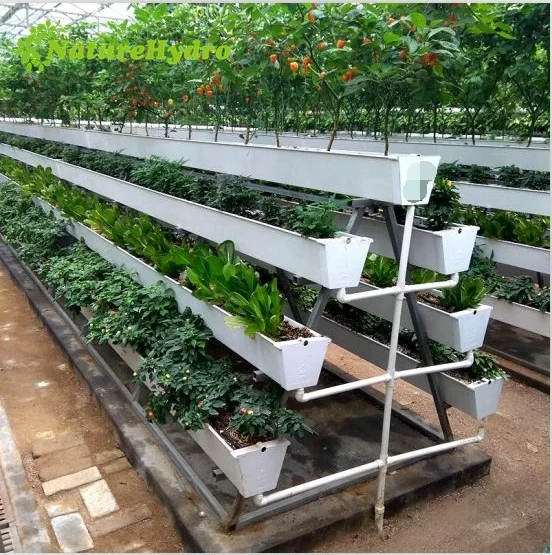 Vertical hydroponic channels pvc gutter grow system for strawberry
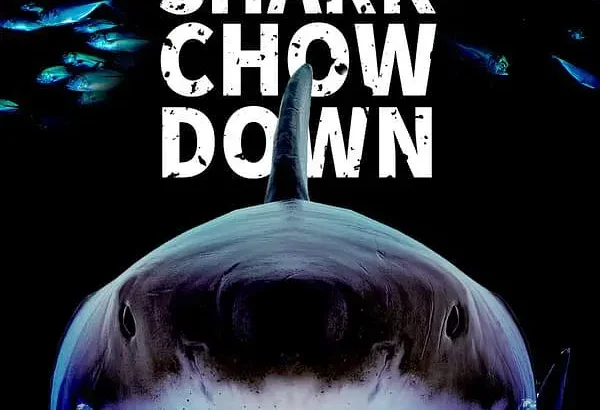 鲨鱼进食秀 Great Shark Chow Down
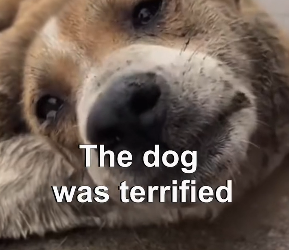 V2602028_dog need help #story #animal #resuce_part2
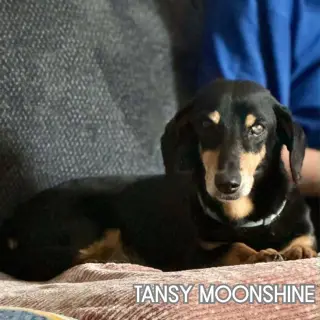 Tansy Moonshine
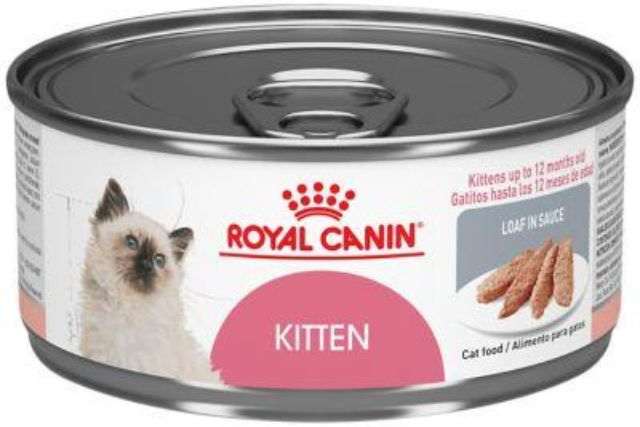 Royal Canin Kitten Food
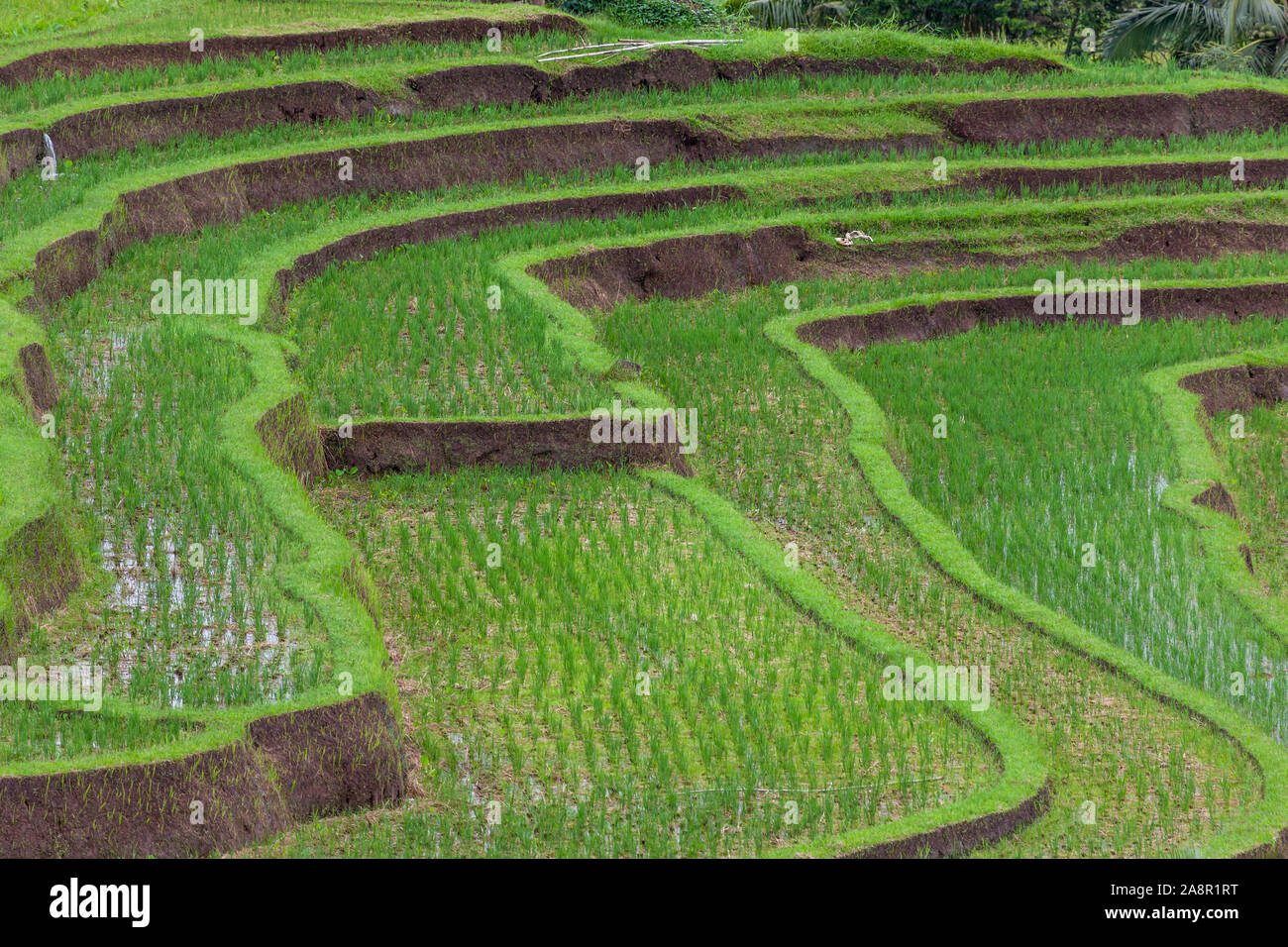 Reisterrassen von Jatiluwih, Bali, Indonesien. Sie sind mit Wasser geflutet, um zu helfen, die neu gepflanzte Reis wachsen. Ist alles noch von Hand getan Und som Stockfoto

| Task brief |
Before copying the data, remove the pictures. Then repeat the rest exactly.

| Completed task |
 Vertical hydroponic channels pvc gutter grow system for strawberry
 鲨鱼进食秀 Great Shark Chow Down
 V2602028_dog need help #story #animal #resuce_part2
 Tansy Moonshine
 Royal Canin Kitten Food
 Reisterrassen von Jatiluwih, Bali, Indonesien. Sie sind mit Wasser geflutet, um zu helfen, die neu gepflanzte Reis wachsen. Ist alles noch von Hand getan Und som Stockfoto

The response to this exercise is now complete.